* [Source data]
•••••

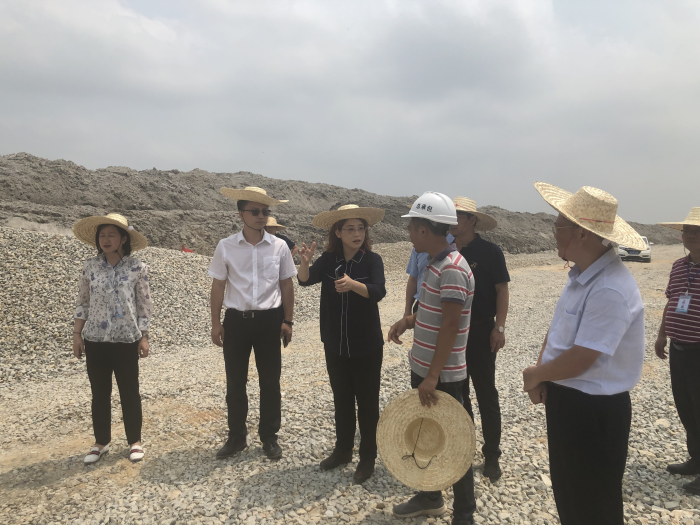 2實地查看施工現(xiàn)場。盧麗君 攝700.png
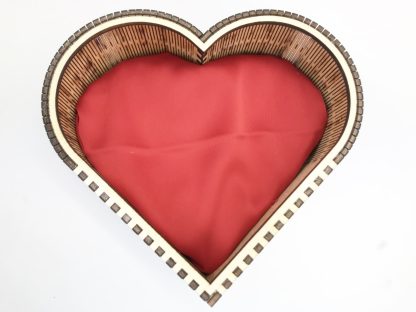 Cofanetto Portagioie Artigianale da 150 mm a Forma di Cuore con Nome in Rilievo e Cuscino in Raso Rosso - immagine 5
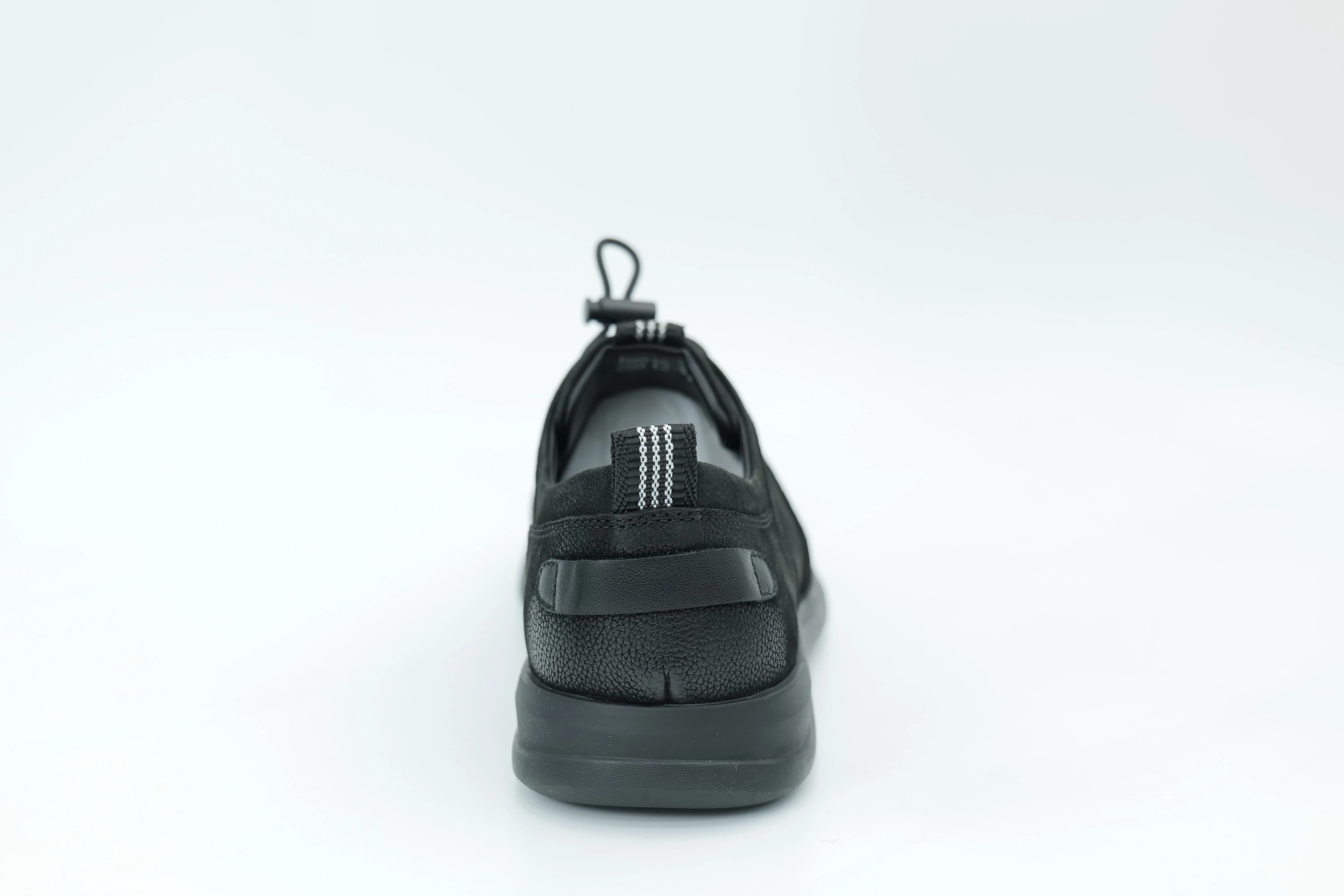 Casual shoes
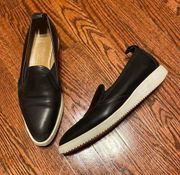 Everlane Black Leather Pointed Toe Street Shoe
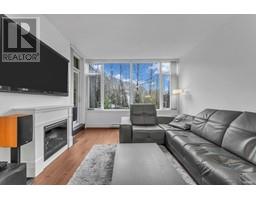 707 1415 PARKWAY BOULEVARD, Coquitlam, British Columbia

•••••

* [Task brief] An exact copy is needed of every line from the line containing "Cofanetto Portagioie Artigianale" to the last line of the records; pictures stay out of it.

* [Answer to the exercise]
 Cofanetto Portagioie Artigianale da 150 mm a Forma di Cuore con Nome in Rilievo e Cuscino in Raso Rosso - immagine 5
 Casual shoes
 Everlane Black Leather Pointed Toe Street Shoe
 707 1415 PARKWAY BOULEVARD, Coquitlam, British Columbia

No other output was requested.